**Aim of the task**
When a line of the listing below has the string "Vintage" in it, copy that line.

**Entries supplied**
◆ ◆ ◆ ◆ ◆

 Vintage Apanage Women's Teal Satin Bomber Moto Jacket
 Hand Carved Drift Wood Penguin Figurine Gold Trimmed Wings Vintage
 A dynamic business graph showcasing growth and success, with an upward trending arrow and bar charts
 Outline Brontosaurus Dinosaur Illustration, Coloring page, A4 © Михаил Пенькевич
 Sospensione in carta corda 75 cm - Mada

◆ ◆ ◆ ◆ ◆

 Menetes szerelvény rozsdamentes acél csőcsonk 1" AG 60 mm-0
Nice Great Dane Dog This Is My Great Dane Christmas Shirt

◆ ◆ ◆ ◆ ◆

**Answer box**
 Vintage Apanage Women's Teal Satin Bomber Moto Jacket
 Hand Carved Drift Wood Penguin Figurine Gold Trimmed Wings Vintage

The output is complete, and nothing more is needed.